« Le Redoutable » : associer l’homme et l’artiste

le-redoutableEn 1967, Jean-Luc Godard tourne La Chinoise avec sa compagne Anne Wiazemsky. Après l’échec du film, il se radicalise, participe à mai 68 et veut faire un cinéma révolutionnaire…

Movie challenge 2019 : un film qui m’a mise en colère

Je n’avais eu aucune envie de voir ce film à sa sortie. D’abord, j’admets très peu connaître Godard. Je n’ai vu aucun de ses films en entier, même si j’en ai étudié des extraits. Ni la veine plus ancienne (Pierrot le Fou, Le Mépris) ni celle plus révolutionnaire de son cinéma ne m’avaient jusqu’ici vraiment rendue curieuse. En plus, je n’aime pas le genre du biopic. Enfin, je me méfie d’Hazanavicius, dont j’aime The Artist au moins autant que m’insupporte OSS 117.

Il a fallu qu’on me le recommande vivement, et que j’aie eu l’occasion de découvrir Stacy Martin dans Amanda pour avoir envie de la voir en Anne Wiazemsky. Et j’ai bien fait.

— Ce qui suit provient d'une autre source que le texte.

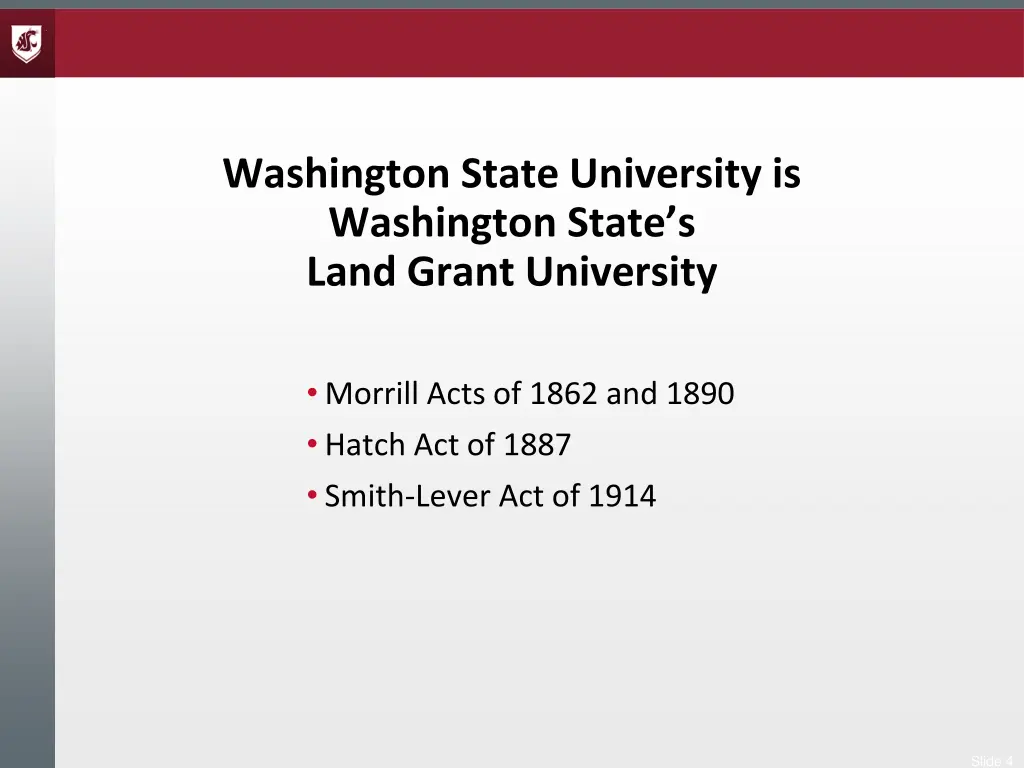 washington state university is washington state
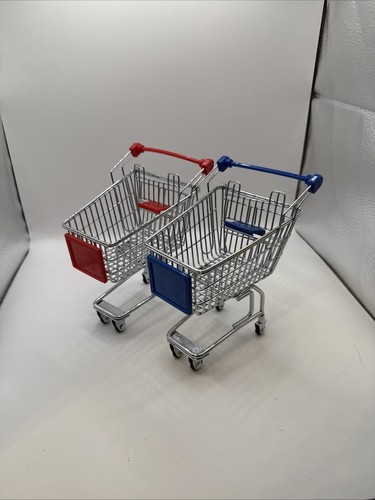 Mini supermarkt einkaufswagen - mini,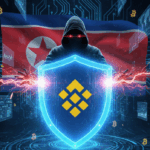 Binance defesa contra hackers da coreia do norte
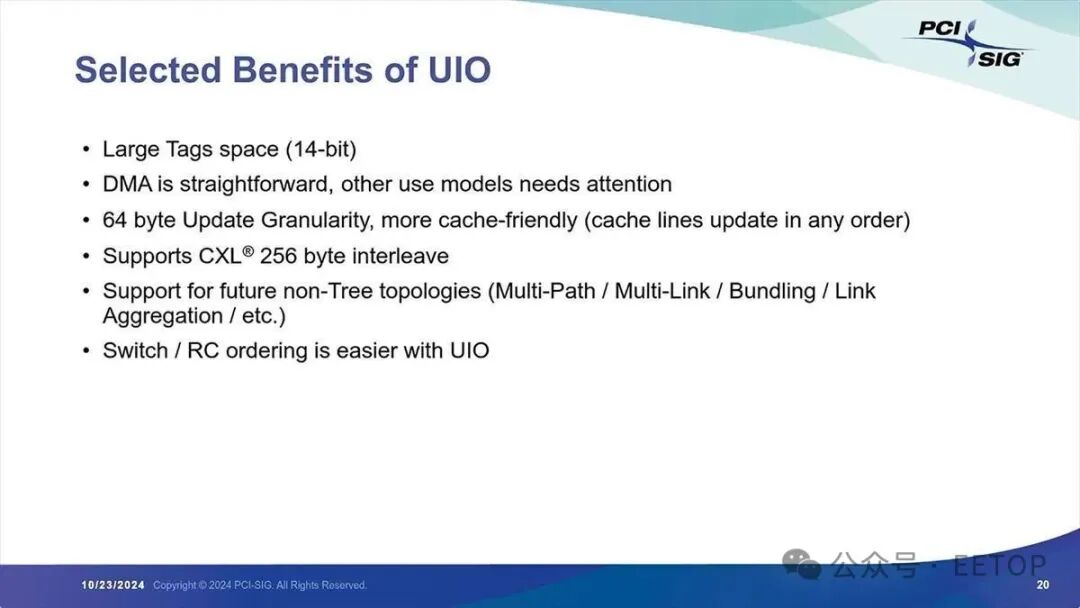 将非 Tree 拓扑定位为将来的支持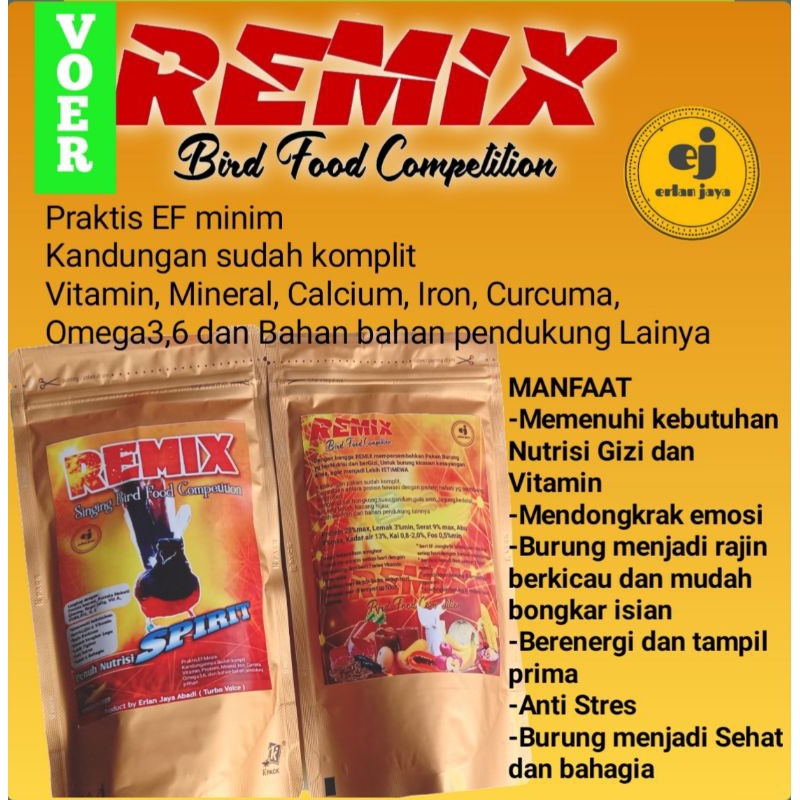 PAKAN BURUNG MURAI DAN KACER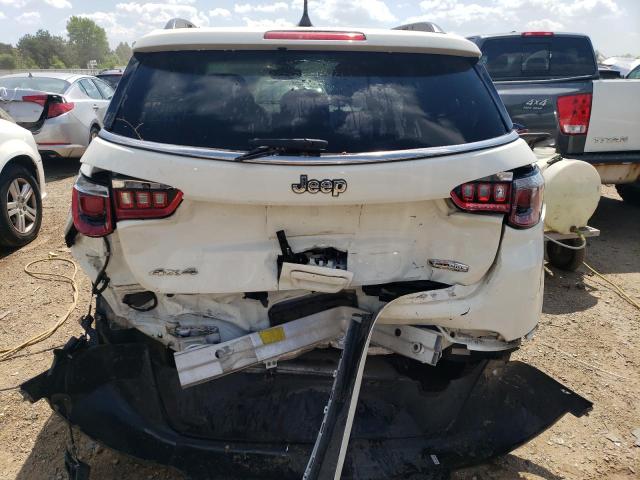 3C4NJDBB7HT597459 Jeep Compass Latitude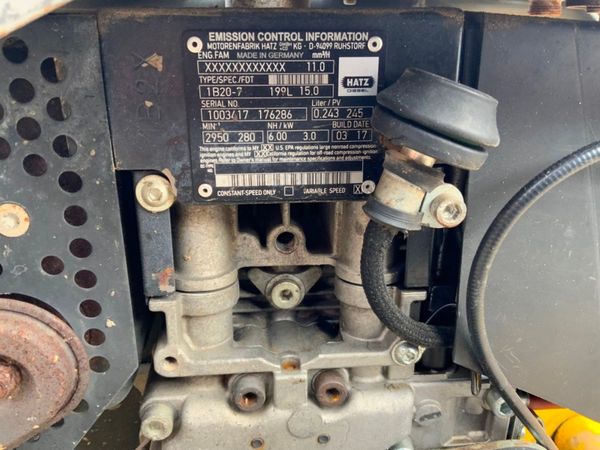 2017 WACKER NEUSON DPU 2540H PLATE......5174. 342767975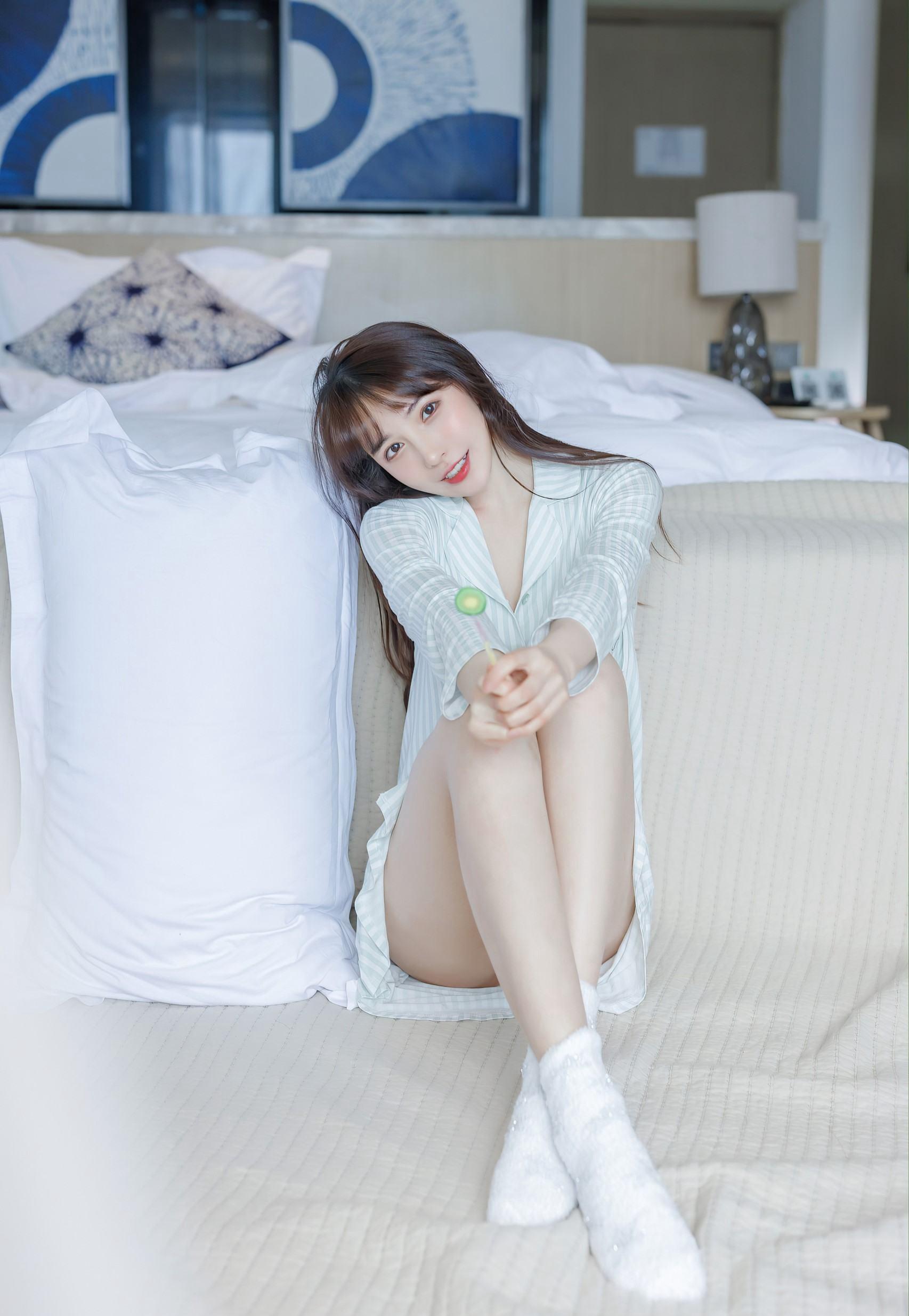 IMiss爱蜜社 Vol.481 Lynn刘奕宁插图5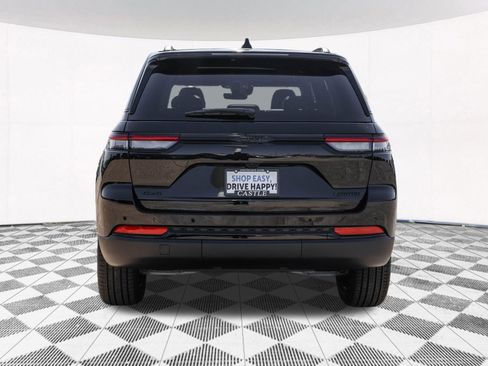 New 2025 Jeep Grand Cherokee Limited w/ Luxury Tech Group II AWD/4WD image 13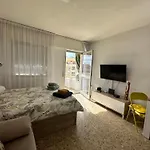 Daire Ver5 - Terraza Con Vistas Al Mar, Wifi, Smart Tv, Piscina, Playa, Centro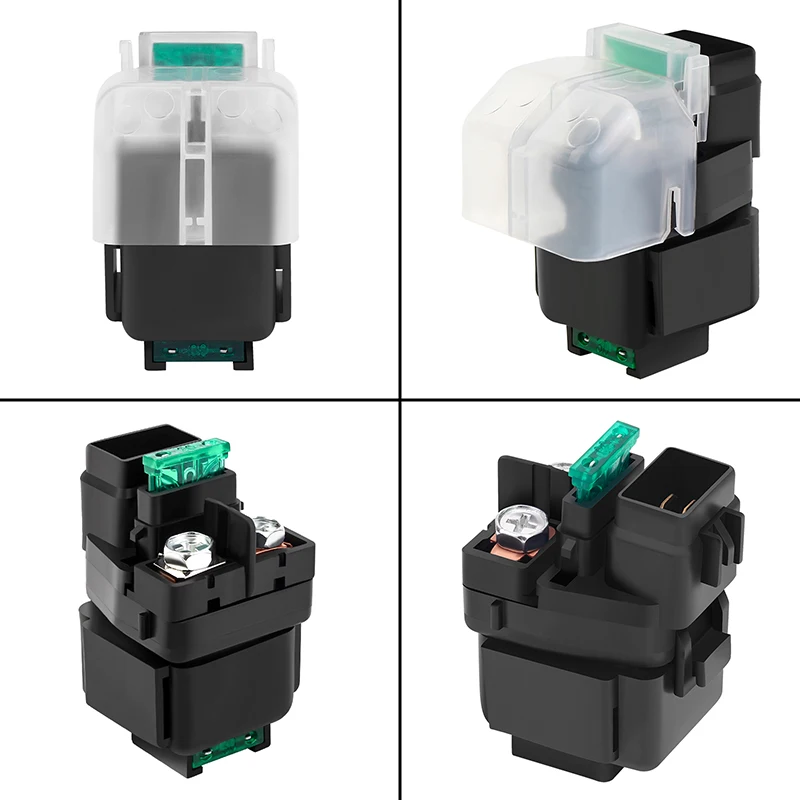 Motorcycle Starter Solenoid Relay Ignition Switch For Suzuki DR650SE GSX-R600 GSX-R 600 GSXR 750 GSXR750 GSF600S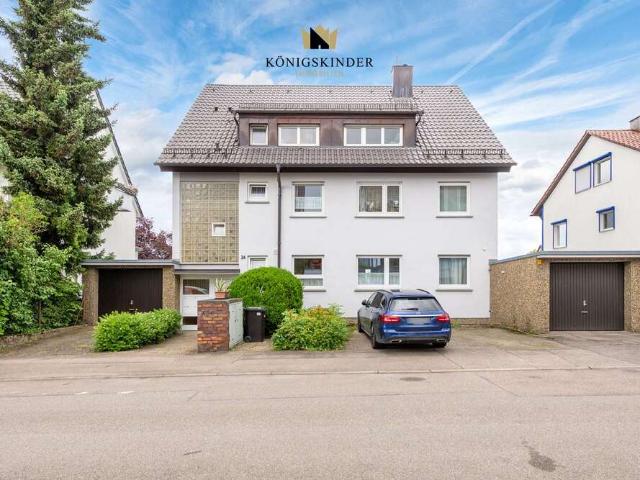 Wohnung zum Kaufen in Stuttgart Stammheim 350.000,00 EUR 86 m²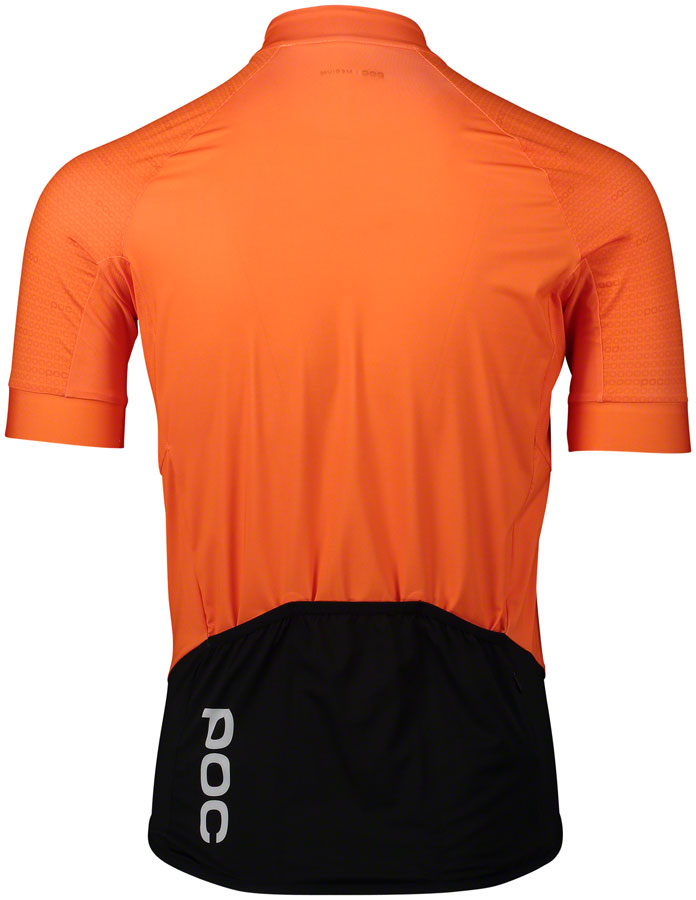 POC Essential Road Jersey - POC O Orange, Small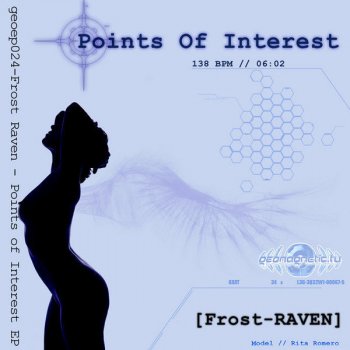 Frost Raven Points of Interest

Le film est extrêmement intéressant parce qu’il soulève plein de questions. J’ai lu « a-t-on le droit de s’appuyer uniquement sur le témoignage de son ex-femme ? » (le scénario est en effet très proche des livres d’Anne Wiazemski) ou « peut-on se permettre de critiquer autant Godard, qui est outre un cinéaste, une personne réelle encore en vie ? ». Honnêtement, je ne trouve pas le film à charge contre Godard, je le trouve même assez fin dans son découpage, son montage et sa progression. Esthétiquement en tout cas, le film est clairement un hommage. Le chapitrage, les couleurs (beaucoup de bleu blanc rouge dans l’appartement – celui de La Chinoise), les scènes graphiques en noir et blanc ou en négatif, les répliques face caméra, tout cela est très dans l’esprit de Godard, et Hazanavicius le fait bien, avec révérence.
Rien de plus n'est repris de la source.